Data under study:
------------------------------------------------------------------------
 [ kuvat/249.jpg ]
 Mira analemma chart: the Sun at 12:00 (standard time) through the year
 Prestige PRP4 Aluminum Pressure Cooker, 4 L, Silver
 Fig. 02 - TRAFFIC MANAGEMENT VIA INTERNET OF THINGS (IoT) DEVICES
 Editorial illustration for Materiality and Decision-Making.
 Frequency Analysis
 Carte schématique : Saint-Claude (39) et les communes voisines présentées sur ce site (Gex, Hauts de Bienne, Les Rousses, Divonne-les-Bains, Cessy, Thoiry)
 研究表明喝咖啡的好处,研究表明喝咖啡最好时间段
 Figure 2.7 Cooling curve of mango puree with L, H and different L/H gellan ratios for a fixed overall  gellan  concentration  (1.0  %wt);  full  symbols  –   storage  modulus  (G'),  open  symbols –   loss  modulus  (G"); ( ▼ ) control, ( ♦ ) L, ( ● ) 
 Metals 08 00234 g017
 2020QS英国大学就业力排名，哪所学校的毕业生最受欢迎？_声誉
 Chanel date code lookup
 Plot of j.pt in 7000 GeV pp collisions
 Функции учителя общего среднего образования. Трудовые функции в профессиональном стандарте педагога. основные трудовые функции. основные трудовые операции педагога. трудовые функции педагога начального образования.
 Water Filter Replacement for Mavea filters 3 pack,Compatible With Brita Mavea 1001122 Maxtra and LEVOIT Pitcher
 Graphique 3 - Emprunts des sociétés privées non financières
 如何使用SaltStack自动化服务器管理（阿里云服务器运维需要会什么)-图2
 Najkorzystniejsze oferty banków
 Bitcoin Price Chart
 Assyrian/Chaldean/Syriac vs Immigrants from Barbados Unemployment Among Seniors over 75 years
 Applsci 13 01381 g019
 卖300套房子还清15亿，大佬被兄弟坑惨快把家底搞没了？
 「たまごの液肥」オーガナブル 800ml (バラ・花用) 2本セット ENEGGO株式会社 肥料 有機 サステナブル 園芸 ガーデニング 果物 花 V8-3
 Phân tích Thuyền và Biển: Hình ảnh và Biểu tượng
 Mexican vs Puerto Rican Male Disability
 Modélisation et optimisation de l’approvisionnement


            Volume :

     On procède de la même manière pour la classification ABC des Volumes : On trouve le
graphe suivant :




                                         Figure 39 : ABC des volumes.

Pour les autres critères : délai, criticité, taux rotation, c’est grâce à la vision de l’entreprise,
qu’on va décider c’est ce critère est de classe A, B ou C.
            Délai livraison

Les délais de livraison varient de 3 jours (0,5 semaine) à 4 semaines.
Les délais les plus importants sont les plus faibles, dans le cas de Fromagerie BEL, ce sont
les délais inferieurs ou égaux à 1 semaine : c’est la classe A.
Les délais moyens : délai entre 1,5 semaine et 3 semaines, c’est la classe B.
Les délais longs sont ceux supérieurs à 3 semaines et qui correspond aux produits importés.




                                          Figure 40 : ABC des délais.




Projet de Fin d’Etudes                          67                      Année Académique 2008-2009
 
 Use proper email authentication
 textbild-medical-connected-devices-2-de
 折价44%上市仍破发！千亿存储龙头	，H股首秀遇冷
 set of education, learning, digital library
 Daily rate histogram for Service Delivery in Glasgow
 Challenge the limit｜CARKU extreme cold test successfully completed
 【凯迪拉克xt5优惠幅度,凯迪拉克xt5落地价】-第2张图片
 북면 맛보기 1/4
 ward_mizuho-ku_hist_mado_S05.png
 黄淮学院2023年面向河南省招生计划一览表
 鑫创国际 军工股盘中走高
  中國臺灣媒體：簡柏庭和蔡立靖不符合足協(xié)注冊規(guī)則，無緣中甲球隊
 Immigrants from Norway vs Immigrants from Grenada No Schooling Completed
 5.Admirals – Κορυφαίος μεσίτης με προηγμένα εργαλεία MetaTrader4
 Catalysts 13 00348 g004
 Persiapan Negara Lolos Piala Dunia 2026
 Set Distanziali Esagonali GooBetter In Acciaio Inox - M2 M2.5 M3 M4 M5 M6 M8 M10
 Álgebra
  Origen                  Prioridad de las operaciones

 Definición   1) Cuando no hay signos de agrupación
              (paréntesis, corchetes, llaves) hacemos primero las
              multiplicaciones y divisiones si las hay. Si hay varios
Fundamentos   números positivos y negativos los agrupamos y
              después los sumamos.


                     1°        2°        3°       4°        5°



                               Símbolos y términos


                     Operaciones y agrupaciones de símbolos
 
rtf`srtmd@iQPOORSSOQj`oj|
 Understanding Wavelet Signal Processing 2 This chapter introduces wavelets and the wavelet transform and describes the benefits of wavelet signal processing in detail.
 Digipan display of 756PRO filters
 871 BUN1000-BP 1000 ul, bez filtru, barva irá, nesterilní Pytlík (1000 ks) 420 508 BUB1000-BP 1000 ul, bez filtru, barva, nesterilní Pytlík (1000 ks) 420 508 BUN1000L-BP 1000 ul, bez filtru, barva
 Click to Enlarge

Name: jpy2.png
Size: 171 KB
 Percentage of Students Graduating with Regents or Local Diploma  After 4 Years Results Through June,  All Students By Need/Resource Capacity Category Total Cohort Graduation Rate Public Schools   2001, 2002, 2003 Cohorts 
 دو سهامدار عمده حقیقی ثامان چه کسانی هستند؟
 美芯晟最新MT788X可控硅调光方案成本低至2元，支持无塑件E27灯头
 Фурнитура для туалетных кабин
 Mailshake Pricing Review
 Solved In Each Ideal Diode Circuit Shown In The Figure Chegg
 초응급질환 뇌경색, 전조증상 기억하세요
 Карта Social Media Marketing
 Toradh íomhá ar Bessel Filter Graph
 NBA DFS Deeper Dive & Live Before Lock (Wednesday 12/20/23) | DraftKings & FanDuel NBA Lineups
------------------------------------------------------------------------
Work to complete: Reproduce exactly the section above that begins at the line containing "Функции учителя общего" and ends at the line containing "Assyrian/Chaldean/Syriac vs Immigrants", leaving out all other lines.

Solution for this exercise:
 Функции учителя общего среднего образования. Трудовые функции в профессиональном стандарте педагога. основные трудовые функции. основные трудовые операции педагога. трудовые функции педагога начального образования.
 Water Filter Replacement for Mavea filters 3 pack,Compatible With Brita Mavea 1001122 Maxtra and LEVOIT Pitcher
 Graphique 3 - Emprunts des sociétés privées non financières
 如何使用SaltStack自动化服务器管理（阿里云服务器运维需要会什么)-图2
 Najkorzystniejsze oferty banków
 Bitcoin Price Chart
 Assyrian/Chaldean/Syriac vs Immigrants from Barbados Unemployment Among Seniors over 75 years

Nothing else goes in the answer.